= Exercise prompt =
Reproduce word for word the lines between the one containing "Blue/red trucker fitted hat Expos" and the end of the entries below, both inclusive; leave out pictures.

= Data provided =
************
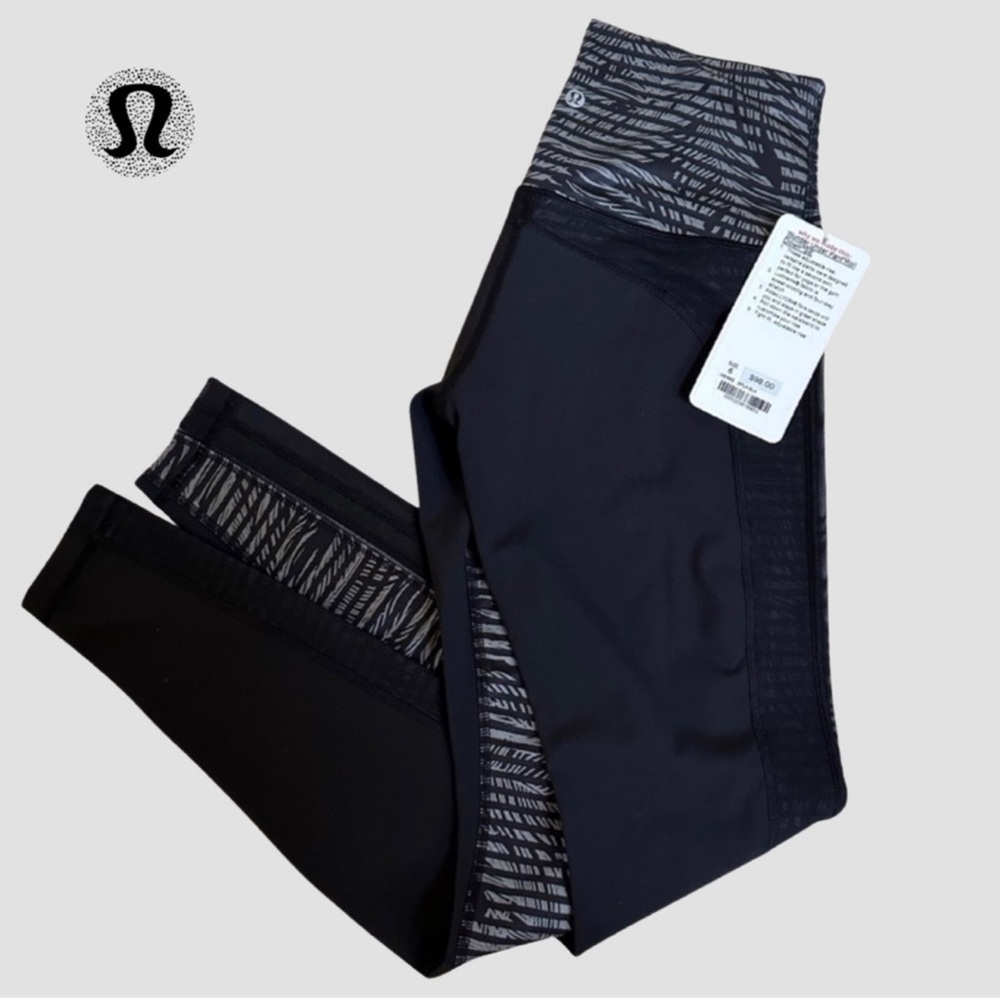 Lululemon Wunder Under Pant *Luxtreme (Roll Down) RARE Limited Edition NWT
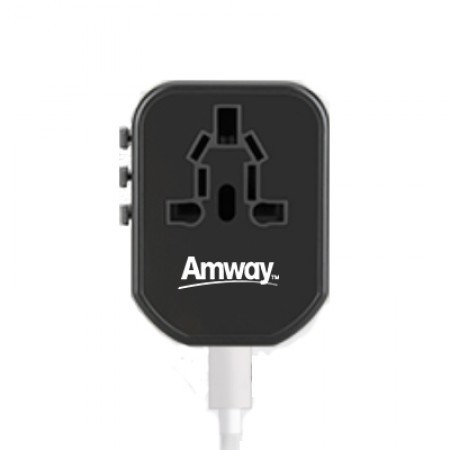 Premium Travel Adapter Dual USB Hub With Smart Charge 2.4A 06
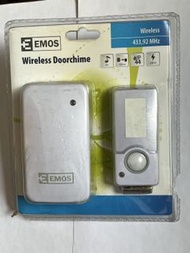 EMOS 無線門鐘、無線門玲 Wireless Door Chime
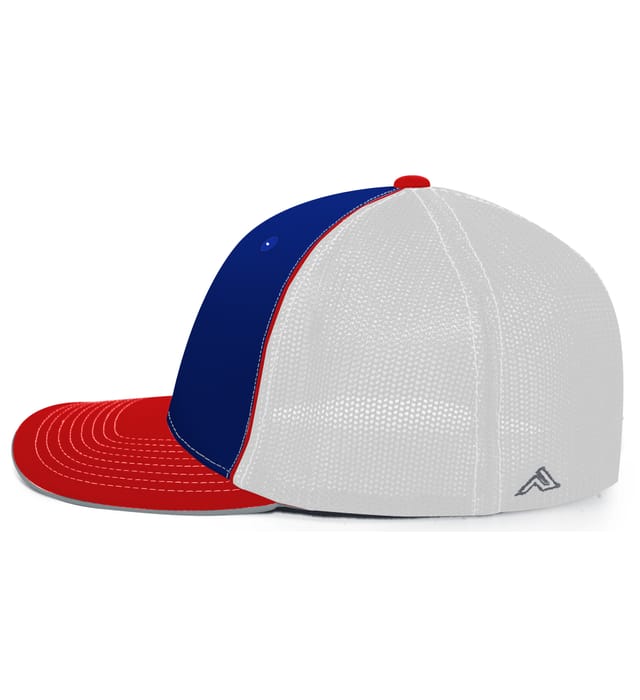 Blue/red trucker fitted hat Expos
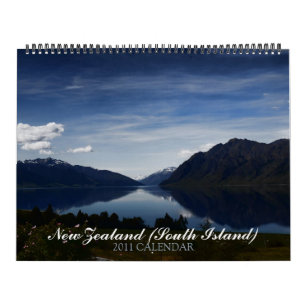 New Zealand South Island Photography Calendar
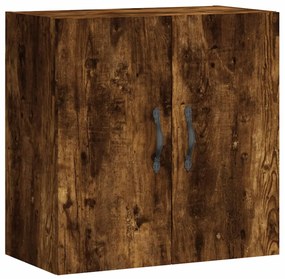 829961 vidaXL Стенен шкаф, опушен дъб, 60x31x60 см, инженерно дърво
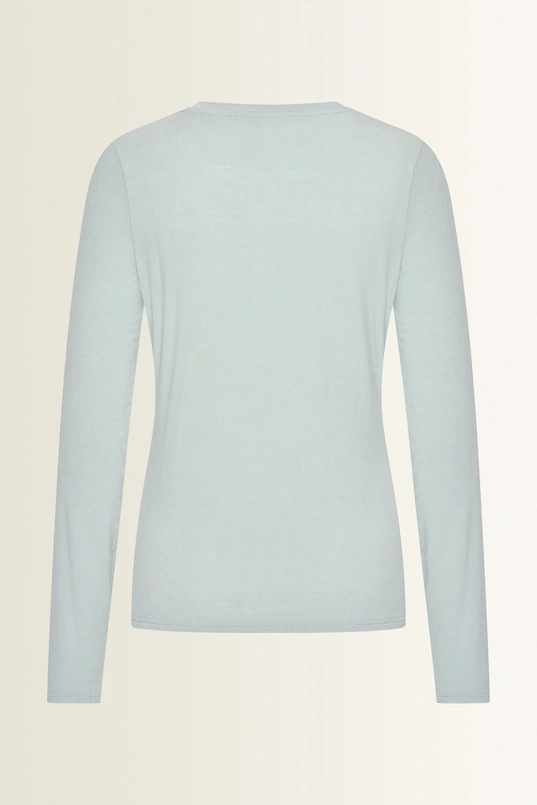 Jersey top met lange mouwen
************
= Response =
 Blue/red trucker fitted hat Expos
 New Zealand South Island Photography Calendar
 829961 vidaXL Стенен шкаф, опушен дъб, 60x31x60 см, инженерно дърво
 Jersey top met lange mouwen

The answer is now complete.